I have no idea how much of Michael Wolff's book is to be believed but I do know…
- It's selling like crazy.
- It's driving Donald Trump off the deep end.
- When a book sells like crazy, it's followed by many more just like it. Every best-selling book that insisted Barack Obama was a Kenyan Socialist Mole spawned ten more.
Other authors may not have whatever access Wolff had but it's now established that there's an eager market out there for books that say Trump is full-goose-bozo banana-wackie. If you're a fan of the guy, brace yourself for the flood. Even as we speak, book publishers and authors are figuring what they can write that will top Wolff's book — and of course, it's important that it be something so outlandish that Trump himself will denounce the book as garbage, preferably in a string of incoherent tweets.
This has very little to do with the running of our country. It's just how the Free Market works in publishing.
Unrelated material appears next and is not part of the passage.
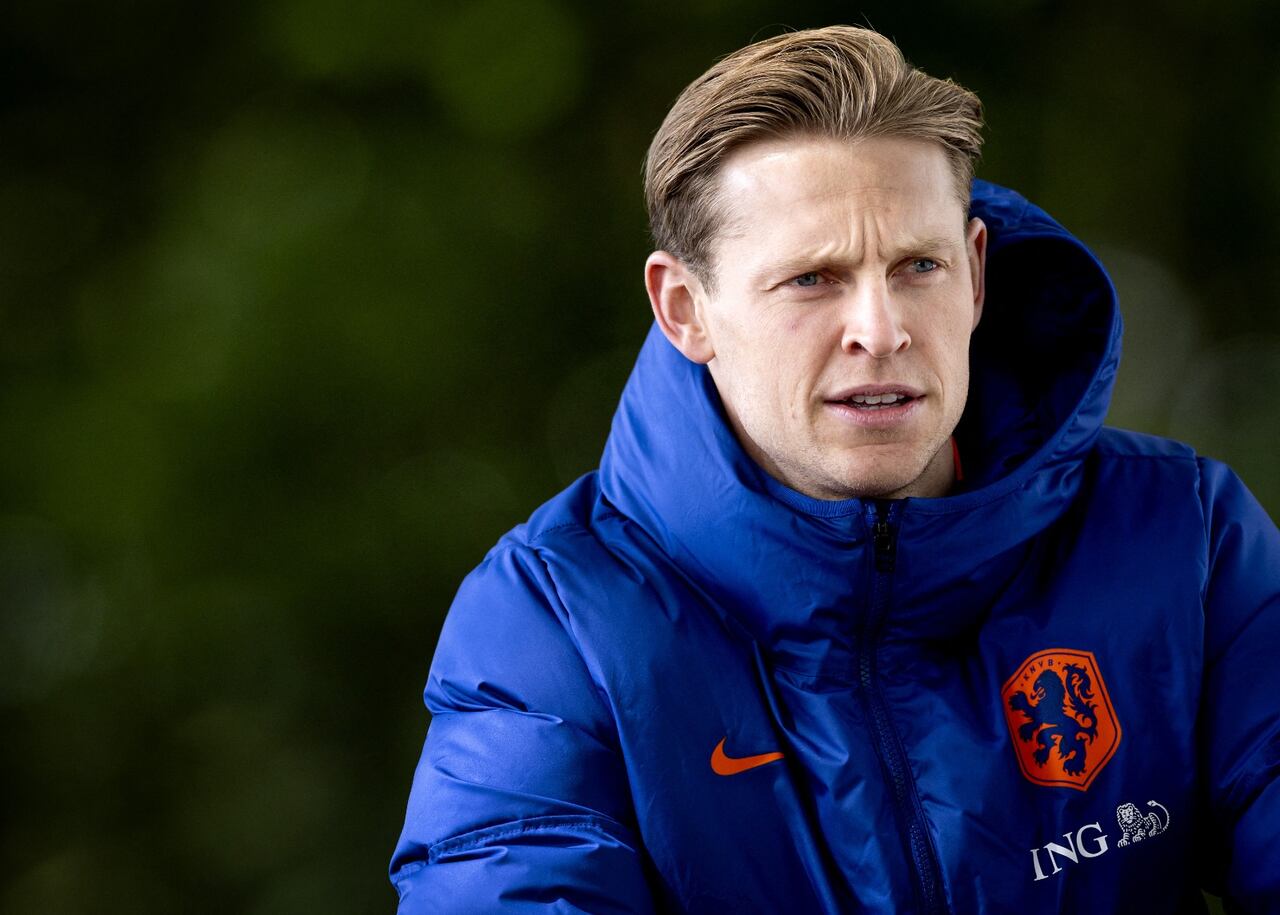 El centrocampista holandés Frenkie de Jong observa durante una sesión de entrenamiento del equipo nacional holandés, como parte de sus preparativos para el campeonato europeo de fútbol UEFA Euro 2024, en el campus de la KNVB en Zeist el 9 de junio de 2024.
If your book can make him feel he has to tell the world he's a "very stable genius," you can probably retire on your royalties.
The book I'm waiting for is the one that will tell us, with sufficient credibility, how these unhinged tweets happen and what (if anything) the more rational folks around Trump have done to try and control them. Does he write them all? Does he run them past no one before he sends them out? It does seem his spelling has gotten a little better.
Years ago, I worked for a TV producer who had his own company and who considered himself a visionary genius…and he was successful because he had indeed come up with some brilliant ideas. Some of them were not so brilliant and many of them were very, very expensive. The network would give him $250,000 to do a show and in the excitement of some concept that came to him in a dream, he'd spend $400,000 to put it on the screen. Needless to say, you will not have a company if you keep doing this.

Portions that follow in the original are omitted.